NCPA - National Center for Policy Analysis

"Cease Fire" Working In Philadelphia

April 18, 2000

Richmond, Virginia's three-year-old "Project Exile" has been widely credited with helping cut that city's murder rate almost in half. A similar program in Philadelphia, called "Cease Fire," is showing results after 15 months, say observers.

Under these programs, local prosecutors are transferring gun crime cases to the U.S. Attorney's office for prosecution in the less-crowded federal courts under federal laws -- which impose heavier sentences, with no probation or parole.

Since January 1999, the federally funded Operation Cease Fire program has hauled more than 300 of Philadelphia's most egregious gun offenders off the streets and into federal court.

  • In 1999 alone, gun possession indictments by the U.S. Attorney's Office in Philadelphia more than quintupled from 1998.
  • Out of 173 gun cases disposed of, only one defendant was acquitted, while 149 others simply pleaded guilty and went straight to federal prison.
  • Philadelphia's rates of shootings and killings have been dropping steadily since Cease Fire's launch 15 months ago.

Both the Richmond and Philadelphia programs are projects of the National Rifle Association (NRA), and, comments writer Noel Weyrich, "....[W]ith Exile and Cease Fire, it is quite possible that the NRA has already helped prevent more gun violence in Richmond and Philadelphia than any gun-control law ever has."

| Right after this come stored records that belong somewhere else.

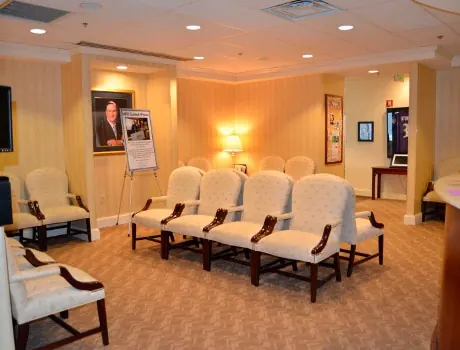 The waiting room at the Towson office of McInnes Palmer Orthodontics.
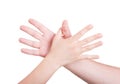 Man and woman hands reaching each other Royalty Free Stock Photo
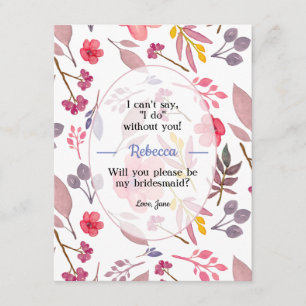 Convite Pense na Dusty Pinks Bridesmaid Card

That's because there is little evidence gun control laws work. For instance, Maryland passed a one-gun-a-month law in 1995; yet the state's largest city, Baltimore, still has a murder rate almost twice as high as Philadelphia's. Similarly, studies of Virginia's one-gun-a-month statute, passed in 1993, showed that urban gun crime was unaffected. In fact, the homicide rate in Richmond rocketed to its highest level ever one year after it passed.